Okay, this promotional photo. It's stupid, and it's part of the problem. Movies about fat people, of which there are like three, ever, often come with imagery like this—hey everyone, look at the dopey, stuck, hated fat person! Because fat people, right? No matter that she is Melissa McCarthy, Hollywood's Resident Tolerated Fat Person. The three other people in the photo are like, "Oh god, if that fat person would get out of our photo already!"
Fortunately, the joke in this photo is entirely unlike the jokes in the film.
Spy is not a movie about a dopey, stuck, hated fat person. It's about an agile, clever, lightning-fast fat person who gets all the best jokes and outsmarts everyone in scene after scene after scene. As a former very fat person, I felt breathless watching it—because it's a perfect pop confection, but also because it's so character driven and convincing you don't even realize it's inverting over and over again all the presumptions you didn't even realize were built into every other physical depiction of action heroes.
Contrary to what a photo of Melissa McCarthy stuck in concrete with a grin on her face suggests, her character in Spy is an incredibly skilled motorcyclist. She's a national security secret weapon. She whips homicidally through a crowd of bad guys more effectively than Bond or Batman. At one point, she's dangling from a helicopter by her hand. You don't realize how starved for images like these you are until some brilliant director like Paul Feig comes along and gives them to you like it's no big thing, like these have always existed in the mainstream, like it's easy to convince big studios to do this.
Feig also gave us Bridesmaids, brilliant Bridesmaids, which capitalism filed away as Movie with All Women in It That Was Unexpectedly a Big Hit, which has enabled Feig to keep making smart, hilarious films starring Melissa McCarthy. It seemed like a mark of civilization's progress that Bridesmaids was such a hit, and Spy deserves to be just as big. (There's more of it to love. It's big boned. Now in wide release.) Bridesmaids was hilarious, but the edge of its social critique was blunt, its world more naturalistic. Spy's commentary is razor sharp, its parody laser focused on the intrinsically exclusionary nature of movie iconography, and I think that makes it the better movie. It's certainly every bit as funny. I wasn't taking good notes because I was too busy losing my mind with laughter and identification. I went with one of the most critical people I know, a person I enjoy hating things with, and I kept saying to her, "This is so good," and she kept saying, "So good."

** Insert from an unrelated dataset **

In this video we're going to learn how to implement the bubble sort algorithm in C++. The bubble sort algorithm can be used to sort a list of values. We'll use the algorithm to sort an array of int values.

I don't want to give anything away, because it's so good and dumb and smart and perfectly built that retelling its jokes feels like stealing a celebrity's tweets, but okay fine, here's one thing: 10 minutes into the movie, Jude Law gives McCarthy an object. The shape of the box makes it perfectly clear to the audience and to McCarthy's character what the object is, and then it is so not what any of us thought it was going to be, and by such a huge margin, that I still can't stop cracking up. Every time I think about it, I snort.
One more thing: It's not really a spoiler to disclose that the film involves spying. Because it does, McCarthy's superspy character changes identities a few times, as genre conventions dictate. This means we get to see her amazing, smarter-than-everyone-else, fat action hero, but it also sets up all these other jokes about fat-people caricatures and stereotypes within the story, embedded into the overall über-clever commentary on the invisibility of fat people's bodies in the context of a Hollywood action movie. (Also, Rose Byrne is perfect as a rose-thin, gorgeous, cold, kind-of-dumb villain. Skinny people, right?)